Looking for a handy site that helps you locate useful apps, games, and websites that also provides ratings and reviews? That also includes teacher feedback? That has awesome search and sorting functions? That organizes all of its goodies by Common Core – giving you the chance to find activities aligned to ELA literacy standards for history?
What you’re looking for is Graphite
. . . a free service from nonprofit Common Sense Education designed to help preK-12 educators discover, use, and share the best apps, games, websites, and digital curricula for their students by providing unbiased, rigorous ratings and practical insights from our active community of teachers.
Their team of professional educators – early childhood development experts, doctorates in education, and teachers with hands-on classroom experience – rates each website, game, and app on Graphite based on their detailed rubric. Every product on Graphite is rigorously reviewed to dig deeper into what and how your students will learn with it.
Start with the basics. Head straight to What’s New in Social Studies. Then plan on spending some quality time at the Top Picks for Social Studies. You’re going to find a ton of useful tools, apps, and websites designed specifically for you. Then head to the Lesson Plans section. And be sure to stop by the social studies teacher forums for the latest tips and tricks.
Need an idea of what might be possible using the different apps and tools highlighted at Graphite? Emily, a technology coordinator at Holly Hills Elementary School in Denver shared a great idea of what it can look like what we “smash” apps into a learning activity:
Students used Tellagami to create an “about the author” page or a dedication. They used Chatterpix to make a picture of their explorer talk and share facts in first person. PicCollage allowed them to include many pictures for the cover of their book and we used the Doink Green Screen app to include a “Breaking News Report.”

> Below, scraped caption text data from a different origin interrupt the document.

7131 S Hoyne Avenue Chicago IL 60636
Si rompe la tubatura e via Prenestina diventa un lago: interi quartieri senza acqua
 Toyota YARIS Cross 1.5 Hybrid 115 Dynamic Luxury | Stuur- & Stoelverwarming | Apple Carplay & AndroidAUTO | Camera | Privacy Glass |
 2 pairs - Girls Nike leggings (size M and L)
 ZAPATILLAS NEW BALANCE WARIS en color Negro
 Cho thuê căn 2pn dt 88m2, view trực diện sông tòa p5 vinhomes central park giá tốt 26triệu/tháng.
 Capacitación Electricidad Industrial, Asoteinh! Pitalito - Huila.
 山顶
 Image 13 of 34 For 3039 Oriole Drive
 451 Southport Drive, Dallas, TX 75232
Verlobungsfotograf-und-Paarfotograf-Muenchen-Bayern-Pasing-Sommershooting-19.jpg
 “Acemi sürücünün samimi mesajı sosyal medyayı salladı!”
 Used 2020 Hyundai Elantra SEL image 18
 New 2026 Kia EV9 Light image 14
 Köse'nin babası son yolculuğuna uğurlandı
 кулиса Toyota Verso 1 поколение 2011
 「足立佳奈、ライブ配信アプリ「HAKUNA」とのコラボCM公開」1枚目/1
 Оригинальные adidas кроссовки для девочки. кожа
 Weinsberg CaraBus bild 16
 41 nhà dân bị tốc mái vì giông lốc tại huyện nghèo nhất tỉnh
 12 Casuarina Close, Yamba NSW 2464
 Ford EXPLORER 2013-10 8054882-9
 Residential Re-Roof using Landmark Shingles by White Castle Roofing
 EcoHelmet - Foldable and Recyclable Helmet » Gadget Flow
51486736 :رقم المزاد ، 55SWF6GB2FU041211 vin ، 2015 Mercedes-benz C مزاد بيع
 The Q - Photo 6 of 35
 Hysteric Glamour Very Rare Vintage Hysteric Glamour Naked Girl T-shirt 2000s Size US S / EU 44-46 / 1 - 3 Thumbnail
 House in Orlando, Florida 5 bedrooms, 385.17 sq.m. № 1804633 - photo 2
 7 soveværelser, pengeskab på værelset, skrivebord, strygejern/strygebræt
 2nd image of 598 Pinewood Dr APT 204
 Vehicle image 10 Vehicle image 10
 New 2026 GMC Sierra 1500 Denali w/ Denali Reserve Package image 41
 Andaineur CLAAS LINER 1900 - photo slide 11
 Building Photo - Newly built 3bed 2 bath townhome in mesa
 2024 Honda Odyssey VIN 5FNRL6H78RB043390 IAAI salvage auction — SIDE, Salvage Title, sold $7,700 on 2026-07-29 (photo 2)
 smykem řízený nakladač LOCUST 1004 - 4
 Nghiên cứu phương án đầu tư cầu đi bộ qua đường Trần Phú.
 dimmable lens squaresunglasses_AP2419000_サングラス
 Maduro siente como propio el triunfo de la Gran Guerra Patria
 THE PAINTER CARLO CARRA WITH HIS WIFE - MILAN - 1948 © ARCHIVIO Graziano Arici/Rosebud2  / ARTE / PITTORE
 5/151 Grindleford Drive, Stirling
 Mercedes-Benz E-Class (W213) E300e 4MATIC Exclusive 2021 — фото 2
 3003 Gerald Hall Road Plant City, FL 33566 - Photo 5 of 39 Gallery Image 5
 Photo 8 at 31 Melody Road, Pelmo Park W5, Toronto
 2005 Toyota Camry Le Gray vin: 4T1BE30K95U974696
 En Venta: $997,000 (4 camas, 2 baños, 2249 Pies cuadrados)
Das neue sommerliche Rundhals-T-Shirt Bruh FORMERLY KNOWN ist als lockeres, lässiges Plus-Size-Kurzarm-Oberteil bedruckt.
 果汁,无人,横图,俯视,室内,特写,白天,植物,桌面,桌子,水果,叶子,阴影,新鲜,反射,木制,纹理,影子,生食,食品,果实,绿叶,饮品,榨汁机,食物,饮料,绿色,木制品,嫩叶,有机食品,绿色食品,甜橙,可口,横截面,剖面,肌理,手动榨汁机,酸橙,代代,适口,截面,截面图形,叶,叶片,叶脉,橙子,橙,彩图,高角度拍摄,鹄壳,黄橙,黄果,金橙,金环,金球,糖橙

Students pretended that they were at the base of Pikes Peak, for example, and they reported that Zebulon Pike had just climbed to the top, and they gave facts about it. The creativity from the kids was amazing, and they felt like they were making history come alive! It’s also a great opportunity for them to write across the curriculum. They focused on mini lessons about nonfiction text features as they were creating their e-books. Some students included a picture glossary, chapters, and a table of contents.
Graphite is one of those sites that is specifically designed to make your life easier. So no excuses for why you’re not already over there right now.